How the pandemic changed business – COVID-19 one year later

March 29, 2021

It’s been a whole year since Jamaica recorded its first COVID-19 case!! Longest… year… ever!!  More than 365 days later, and we still can’t go to the movies or parties or even funerals. But there is a vaccine, more than one actually, and we’re finally starting to see the end of this pandemic. Hallelujah!  

In one year of COVID-19, we’ve gone through lockdown, curfews, schools closing, then reopening, then being closed again. A lot has happened since March 10, 2020, the day Jamaica confirmed its first case of the virus, and a lot has changed since then too – some good and some not so good.  Let’s go over it.
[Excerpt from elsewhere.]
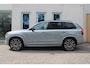 Volvo XC90 T8 Plug-in hybrid AWD Ultra Black Edit. Executive | Extra getint glas achter | Nappa leder met ventilatie | Gelamineerde zijruiten rondom | Bowers & Wilkins audiosysteem | Luchtvering voor en achter met FOUR-C settings | Grafisch Head-up Display | Visual Park Assist (incl. 360º view) | Elektrisch bedienbaar glazen panoramisch schuif-/kanteldak met elektrisch bedienbaar zonnescherm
This time la Jamaica had recorded only 15 cases of the virus (March 18). As I’m recording this video (on March 19), Jamaica has 17,401 active cases from a total of 33,970 confirmed cases. The country also has, unfortunately, recorded 519 virus-related deaths. That’s a lot!

Early Misconceptions

The early days of the pandemic were also rough. There was the shortage of personal protective equipment, panic buying and a whole lot of misinformation that fuelled panic and caused confusion.  One of the biggest misconceptions had to be that the virus only severely affected the elderly and that young people who were fit and healthy were unlikely to become severely ill.  Part of this did stem from the fact that COVID-19 was a new virus and doctors and researchers were learning on the go. Now we know that the virus doesn’t respect age, and otherwise healthy young people can still be hit hard.

Speaking of young people, at one point, it was also thought that children couldn’t get the virus, or if they did, it was only mild.  However, the World Health Organisation (WHO) says that while children are less than 10% of reported cases and typically present with only mild symptoms, there have been critical cases that need intensive care.  Children – like everyone else – can still spread the virus even if they’re not showing signs of being sick. That’s why the big debate about resuming face to face classes.
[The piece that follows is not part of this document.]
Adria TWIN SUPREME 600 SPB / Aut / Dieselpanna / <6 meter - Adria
The good news is that the world understands the virus better now, and people have access to more accurate information about the virus – how it’s spread, how contiguous it is and most importantly, how to stay safe. So, I hope we’re all still washing our hands for at least 20 seconds, wearing masks and not going to illegal parties.

 

Digital boom

Now, raise your hand if you’ve had more Skype meetings over the last year than ever. Ok, now raise your hand if you’ve been a part of at least two Zoom meetings every month since March 2020.  Yup, that’s become the reality for most of the world.  Zoom, Skype, Google Meet, and other platforms like them have become the go-to for business meetings, hanging out with friends and even weddings.

Remember when 16 companies had to go to court to get permission to host hybrid Annual General Meetings. It seems strange to think about now because hybrid AGMs and virtual meetings overall are now the norm. But before 2020, Jamaica’s laws didn’t allow for virtual or hybrid AGMs.

Markets take a hit

The way we interact with others and how often we use hand sanitiser aren’t the only things that changed during 2020.  The pandemic hit Jamaica’s economy hard, heavily impacting sectors like entertainment and tourism and sending ripple effects throughout the local financial markets.
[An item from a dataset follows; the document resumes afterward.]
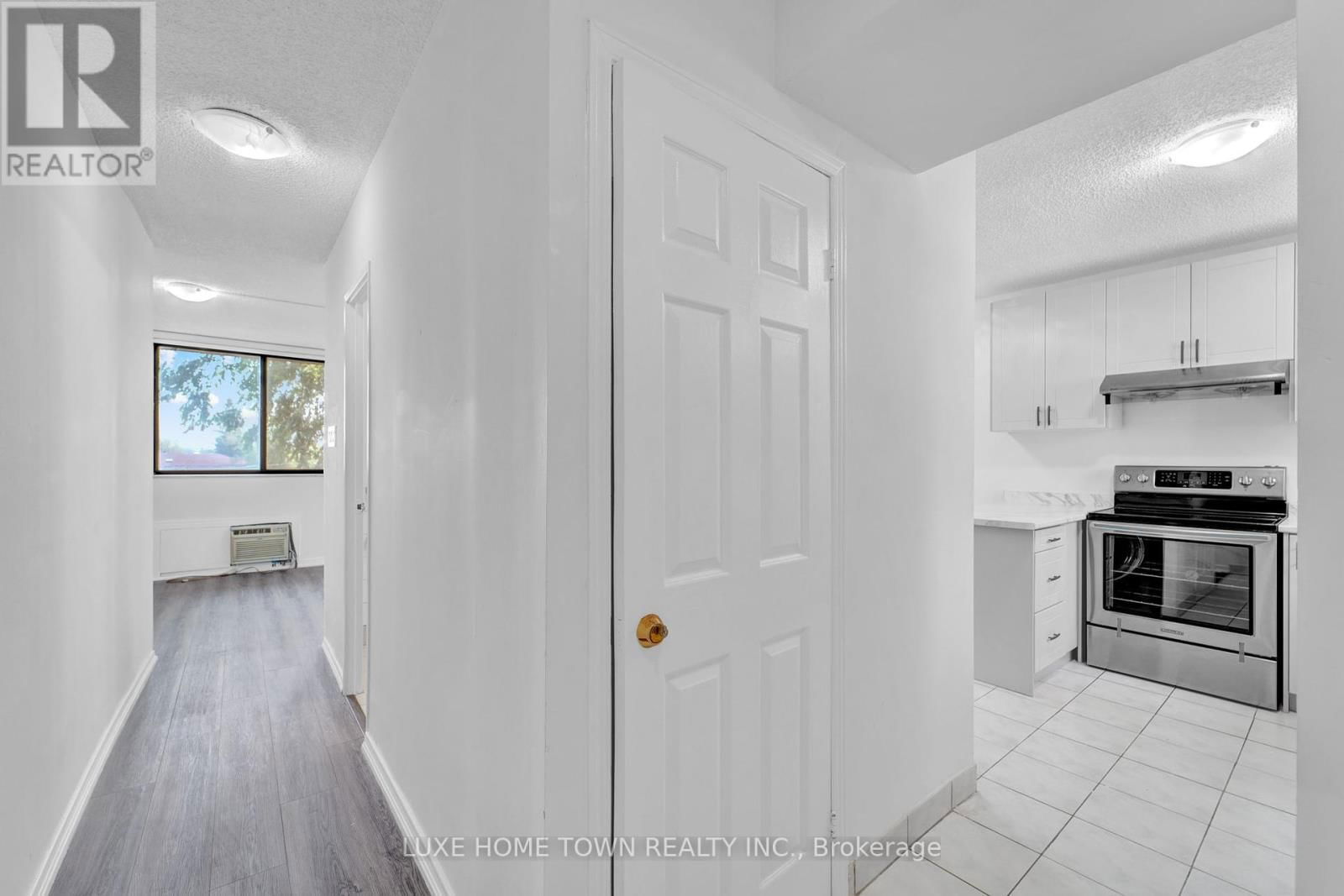328 - 665 KENNEDY ROAD Image 13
The Jamaica Stock Exchange, which was once one of the best performing stock exchanges, suffered a swift fall from grace. On March 9, 2020, the day before Jamaica recorded its first case, the JSE’s main index advanced by 1% to close at roughly 436,000 points. Remember this was right around the time that TransJamaican Highway IPO was out.  Then on March 10, the main index fell by 3.5%.  After Jamaica announced that it could be closing its borders on March 21, it lost another 3%.  By March 25, the index had crashed to just 342,000 points – losing 28% of its value in less than a month.  That was its weakest point since September 2018, so it basically reversed a year and a half of gains in just a few days.  (Click here If you want to understand more about points.)

New listings

Now let’s look at the impact on new listings.  At the start of 2020, the JSE was expecting 20 Initial Public Offerings, IPOs.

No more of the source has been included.